On Monday, the Rey Fire burned along Indian Creek as shifting winds kept it out of the Mono watershed. The view here is from the Indian Creek trailhead looking toward the fire as it is poised to cross over and head uphill toward the Mono drainage.
Update on Five Days of the Rey Fire
Wind Brings Surprising Twists and Continuing Drama
Tuesday, August 23, 2016
On Monday it was anybody’s guess which way the Rey Fire would head. During the first few days of the fire, now marking its fifth day, Rey expanded to the northwest, in the process blackening close to 10,000 acres of Rancho San Fernando Rey, before burnout operations succeeded in containing that part of the fire. Over the past two days, the fire took a 180-degree turn and is now spreading east and north, with the potential to pose a direct threat to South Coast communities and to char large portions of the Dick Smith Wilderness. The wilderness area holds major portions of the watersheds to the north of Lake Cachuma.
From the news releases posted by Los Padres Forest officials, it is difficult to get a clear picture of what has burned or what might in the coming days. Yes, the fire is now burning into the Dick Smith Wilderness and for the most part away from the coast. That is good news.

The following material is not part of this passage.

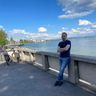 Karkoush Möbelmontage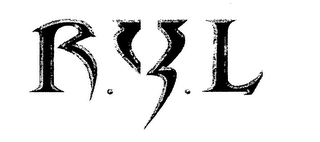 RYL logo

The bad is that continued drought, incredibly dry brush, and temperatures that again soared into the 90s yesterday have created the potential for the Rey Fire to expand much further to the interior and toward Highway 33 than one would have thought possible just two days ago.

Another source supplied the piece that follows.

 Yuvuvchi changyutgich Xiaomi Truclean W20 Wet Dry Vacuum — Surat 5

The wind has played a major factor in determining where the fire will go and what opportunities firefighters will have to contain it. On Saturday night, when the wind shifted to the east, bringing the fire swiftly down onto the Upper Oso Campground area, it effectively helped secure the west side of the fire. But at the same time it opened the door for the fire to jump Oso Canyon and head east — a situation that could ultimately lead it over the Santa Ynez Mountains and down into Montecito or Santa Barbara.

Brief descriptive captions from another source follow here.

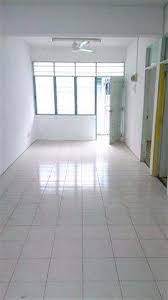 2,907 likes · 1 talking about this · 25 were here. 18 Condo And House For Rent In Bukit Mertajam Roomz Asia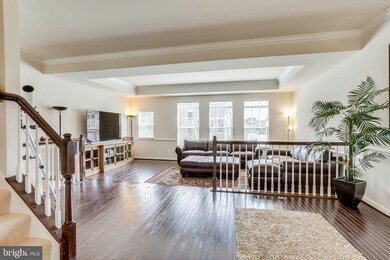 42306 Shoover Square, Chantilly, VA 20152 - photo 7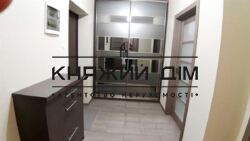 ���� ������� ���� �8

Location markers are superimposed over a photo taken early Monday, August 22, overlooking Gibraltar Dam and Camuesa Ridge. Mono Creek, which lies about four miles from Santa Barbara as the crow flies, is to the right, with Indian Creek to its left. Both drain down to Gibraltar Reservoir.
A Push to the East
By mid-morning on Sunday, it was clear that the fire would brush past the White Fire scar and continue east. By noon a massive front had built, with flames centered just north of the ridges that line the river canyon, stretching from Oso to the Red Rock area. By 1 p.m. that front continued to push east down Camuesa Canyon, and the fire was in danger of crossing the Santa Ynez River near the upper end of Gibraltar Reservoir where Camuesa Creek merges with the river. From that point, the fire would have been within reach of the northern slopes of the mountains that separate the valley from the coast, a long, steep escarpment that has not burned in recorded fire history.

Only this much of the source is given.